Beliau dalam kitabnya berkata kalau dakwah harus disesuaikan dengan objek dakwah dari segi umur, keadaan, dan tingkatan, dan beliau mengistilahkan hal ini dengan at-Tadarruj. Tidak mungkin kita berbicara dengan anak SD tetapi dengan diksi yang sangat formal dan kesannya akademis. Dalam kitabnya, Syekh Mustafa mengutip ayat al-Quran surat al-Maidah ayat 48 yang menjelaskan bahwa umat nabi terdahulu diberi masing-masing syari’at yang berbeda antara satu umat dengan lainnya:

 لِكُلٍّ جَعَلْنَا مِنْكُمْ شِرْعَةً وَّمِنْهَاجًا…الأية ۗ…

Artinya: “…Untuk setiap umat di antara kamu, Kami berikan aturan dan jalan yang terang…”

Lalu juga ada sebuah perkataan yang berasal dari Siti Aisyah r.a.:

إِنَّمَا نَزَلَ أَوَّلَ مَا نَزَلَ مِنْهُ سُورَةٌ مِنْ الْمُفَصَّلِ فِيهَا ذِكْرُ الْجَنَّةِ وَالنَّارِ حَتَّى إِذَا ثَابَ النَّاسُ إِلَى الْإِسْلَامِ نَزَلَ الْحَلَالُ وَالْحَرَامُ وَلَوْ نَزَلَ أَوَّلَ شَيْءٍ لَا تَشْرَبُوا الْخَمْرَ لَقَالُوا لَا نَدَعُ الْخَمْرَ أَبَدًا وَلَوْ نَزَلَ لَا تَزْنُوا لَقَالُوا لَا نَدَعُ الزِّنَا أَبَدًا

(صحيح البخاري كتاب فضائل القران باب تأليف القران رقم 4993)

Artinya: Sesungguhnya yang pertama-tama kali turun darinya adalah surah AlMufashshal yang di dalamnya disebutkan tentang surga dan neraka. Dan ketika manusia telah condong ke Islam, maka turunlah kemudian ayat-ayat tentang halal dan haram.
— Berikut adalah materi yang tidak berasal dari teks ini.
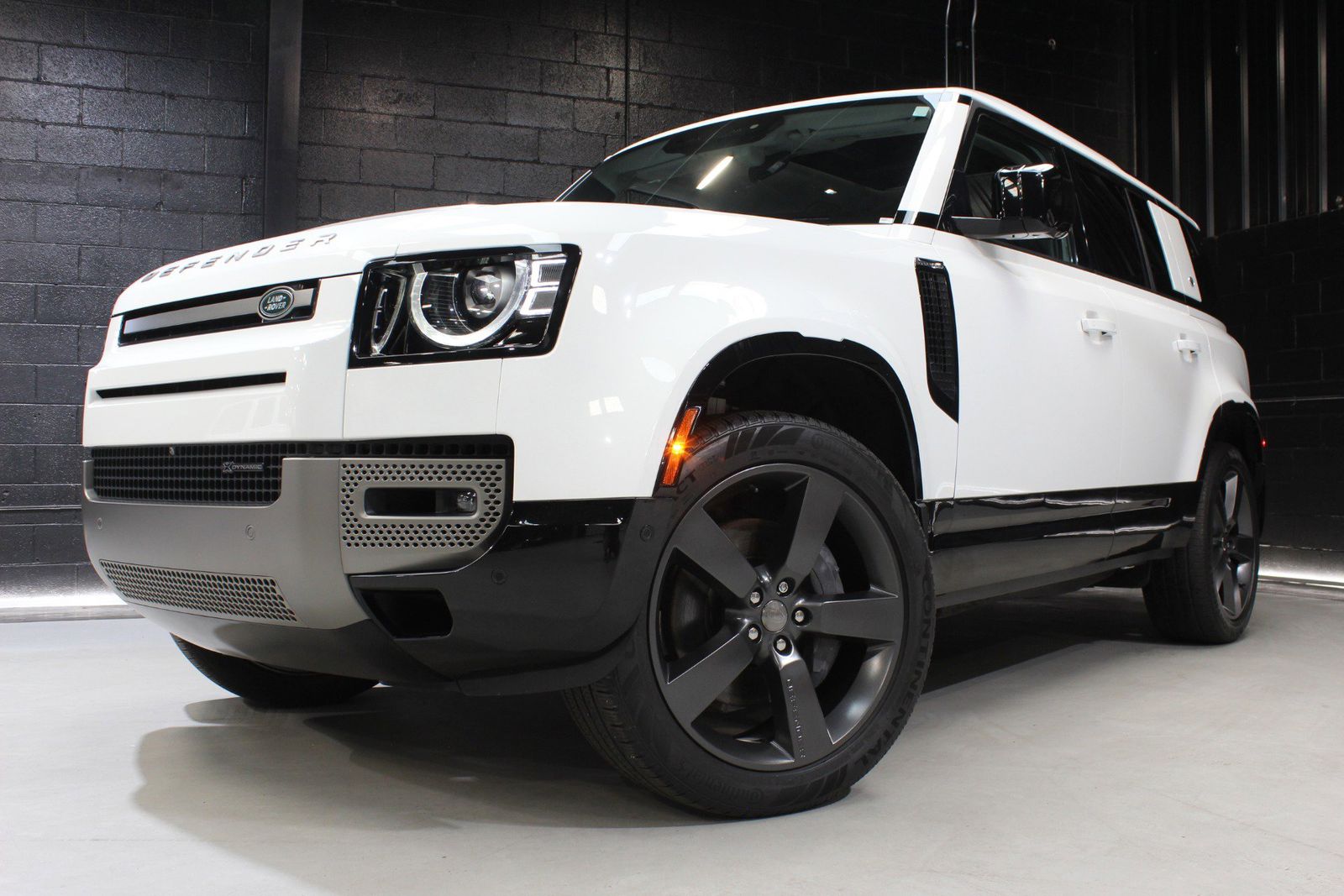 2023 Land Rover Defender 110 X-Dynamic SE AWD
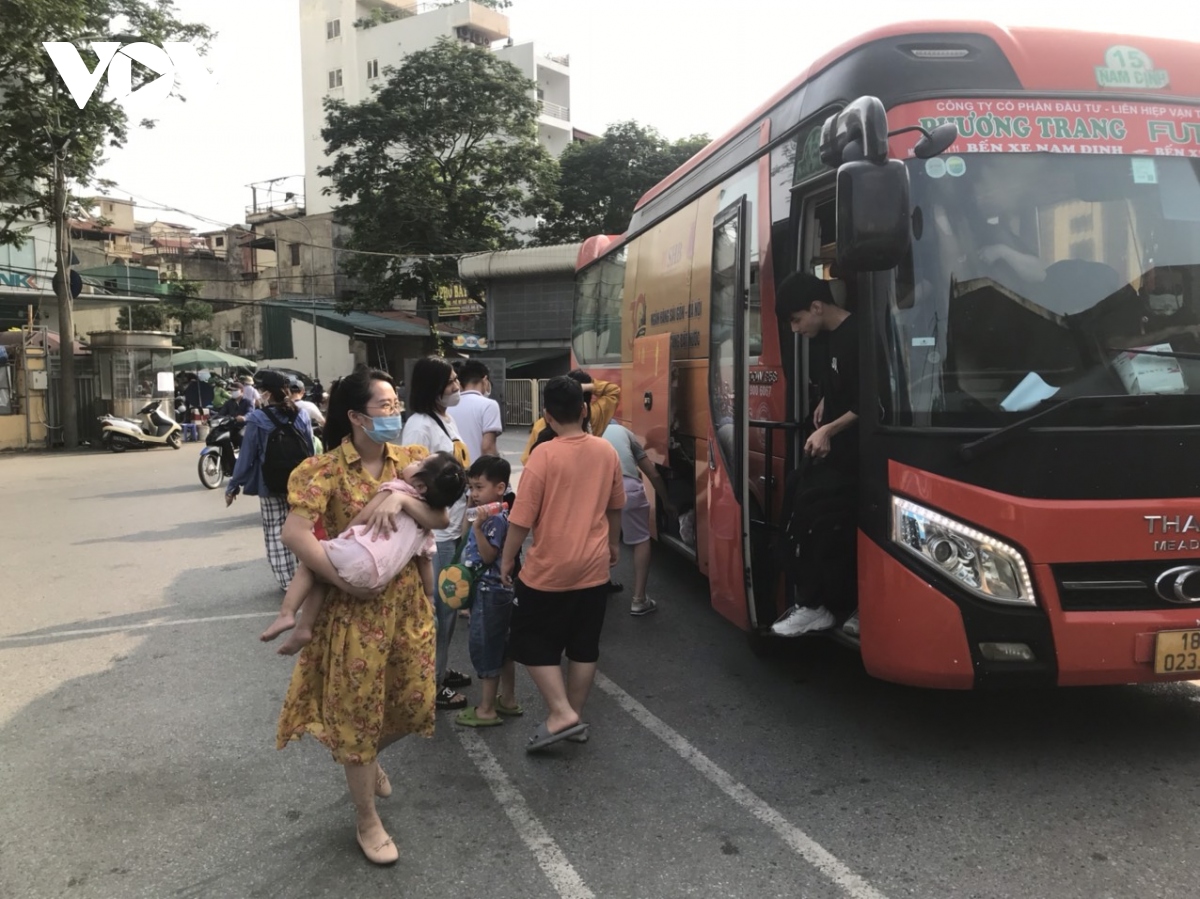 Bến xe, ga tàu ở Hà Nội sẵn sàng “gồng mình” phục vụ dịp nghỉ lễ Quốc khánh- Ảnh 2.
Sekiranya yang pertama kali turun adalah ayat, ‘Janganlah kalian minum khamar.’ Niscaya mereka akan mengatakan, ‘Sekali-kali kami tidak akan bisa meninggalkan khamar selama-lamanya.’ Dan sekiranya juga yang pertama kali turun adalah ayat, “Janganlah kalian berzina..’ niscaya mereka akan berkomentar, ‘Kami tidak akan meniggalkan zina selama-lamanya.”

Al-Quran sendiri datang dengan tidak cara terburu-buru, Allah paham betul kondisi masyarakat pada waktu itu, karena apabila mereka dipaksa untuk meninggalkan budaya dengan terburu-buru maka yang dikhawatirkan mereka akan memberontak.
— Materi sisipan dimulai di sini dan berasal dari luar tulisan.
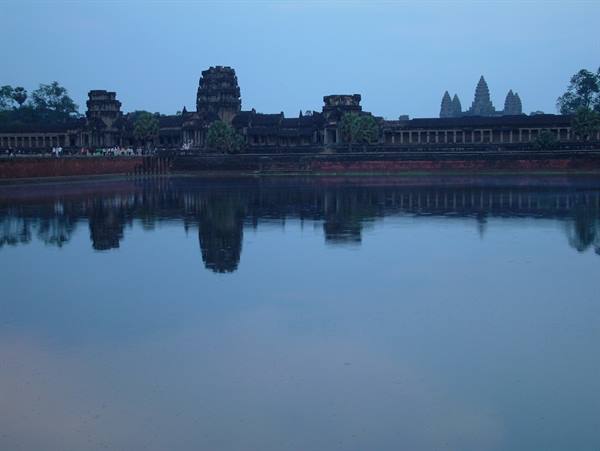 Angkor Wat all' alba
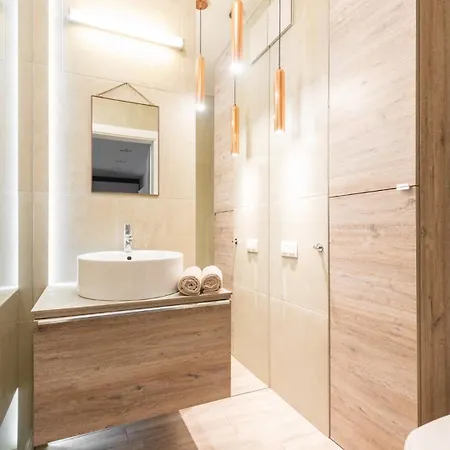 Flatbook - Center Torunska 145,167 Apartman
Dapat disimpulkan, memanglah para da’i diharuskan tahu posisinya dalam berdakwah dan objek sasaran dakwahnya, karena akan sia-sia jika poin ini diabaikan. Dakwah yang seharusnya disampaikan dengan konteks di mana ia disampaikan malah disalahkaprahkan caranya oleh para da’i yang belum paham betul urgensi at-tadarruj dalam dakwah.